# EXERCISE
Transcribe, verbatim, every line from the start of the entries through the line that contains "Başkan, Karla Mücadele"; include both boundary lines and omit all others.

Short text fragments from websites:
#####

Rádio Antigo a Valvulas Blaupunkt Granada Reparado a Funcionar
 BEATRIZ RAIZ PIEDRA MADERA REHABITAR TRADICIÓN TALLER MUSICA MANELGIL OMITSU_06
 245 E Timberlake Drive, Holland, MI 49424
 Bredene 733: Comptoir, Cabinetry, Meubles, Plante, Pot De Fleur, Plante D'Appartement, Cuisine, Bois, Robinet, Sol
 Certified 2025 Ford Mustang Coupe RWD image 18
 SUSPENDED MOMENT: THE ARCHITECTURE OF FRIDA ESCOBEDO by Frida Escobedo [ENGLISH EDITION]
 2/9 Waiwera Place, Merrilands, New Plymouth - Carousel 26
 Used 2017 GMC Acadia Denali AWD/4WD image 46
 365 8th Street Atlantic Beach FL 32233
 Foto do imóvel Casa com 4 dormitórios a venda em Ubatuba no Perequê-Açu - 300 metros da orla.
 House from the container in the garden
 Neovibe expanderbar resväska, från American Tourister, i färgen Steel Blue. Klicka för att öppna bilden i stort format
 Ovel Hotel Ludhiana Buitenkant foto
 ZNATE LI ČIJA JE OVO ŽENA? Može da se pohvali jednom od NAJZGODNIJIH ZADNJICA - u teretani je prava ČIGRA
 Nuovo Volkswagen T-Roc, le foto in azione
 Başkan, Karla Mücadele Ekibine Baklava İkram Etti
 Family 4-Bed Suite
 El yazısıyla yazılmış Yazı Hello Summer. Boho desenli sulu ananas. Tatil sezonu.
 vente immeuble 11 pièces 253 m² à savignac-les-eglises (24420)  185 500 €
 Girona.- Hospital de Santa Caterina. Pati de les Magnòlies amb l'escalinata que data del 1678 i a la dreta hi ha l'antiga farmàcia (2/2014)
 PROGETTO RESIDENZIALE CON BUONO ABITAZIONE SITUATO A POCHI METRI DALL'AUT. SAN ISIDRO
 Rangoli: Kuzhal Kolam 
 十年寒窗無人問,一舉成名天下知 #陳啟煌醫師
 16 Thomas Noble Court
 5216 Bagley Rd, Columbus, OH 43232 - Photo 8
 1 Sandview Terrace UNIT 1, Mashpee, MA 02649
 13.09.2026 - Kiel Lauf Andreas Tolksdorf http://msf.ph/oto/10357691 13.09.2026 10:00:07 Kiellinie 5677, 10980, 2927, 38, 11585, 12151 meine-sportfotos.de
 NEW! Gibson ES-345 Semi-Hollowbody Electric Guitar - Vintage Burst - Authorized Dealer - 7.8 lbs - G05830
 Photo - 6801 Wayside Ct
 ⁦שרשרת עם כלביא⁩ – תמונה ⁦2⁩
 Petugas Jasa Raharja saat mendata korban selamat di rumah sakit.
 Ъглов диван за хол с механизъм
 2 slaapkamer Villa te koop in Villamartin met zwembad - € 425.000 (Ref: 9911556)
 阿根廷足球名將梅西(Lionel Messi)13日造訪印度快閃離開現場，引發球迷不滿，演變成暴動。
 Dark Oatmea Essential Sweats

#####

# RESULT OF THIS EXERCISE
Rádio Antigo a Valvulas Blaupunkt Granada Reparado a Funcionar
 BEATRIZ RAIZ PIEDRA MADERA REHABITAR TRADICIÓN TALLER MUSICA MANELGIL OMITSU_06
 245 E Timberlake Drive, Holland, MI 49424
 Bredene 733: Comptoir, Cabinetry, Meubles, Plante, Pot De Fleur, Plante D'Appartement, Cuisine, Bois, Robinet, Sol
 Certified 2025 Ford Mustang Coupe RWD image 18
 SUSPENDED MOMENT: THE ARCHITECTURE OF FRIDA ESCOBEDO by Frida Escobedo [ENGLISH EDITION]
 2/9 Waiwera Place, Merrilands, New Plymouth - Carousel 26
 Used 2017 GMC Acadia Denali AWD/4WD image 46
 365 8th Street Atlantic Beach FL 32233
 Foto do imóvel Casa com 4 dormitórios a venda em Ubatuba no Perequê-Açu - 300 metros da orla.
 House from the container in the garden
 Neovibe expanderbar resväska, från American Tourister, i färgen Steel Blue. Klicka för att öppna bilden i stort format
 Ovel Hotel Ludhiana Buitenkant foto
 ZNATE LI ČIJA JE OVO ŽENA? Može da se pohvali jednom od NAJZGODNIJIH ZADNJICA - u teretani je prava ČIGRA
 Nuovo Volkswagen T-Roc, le foto in azione
 Başkan, Karla Mücadele Ekibine Baklava İkram Etti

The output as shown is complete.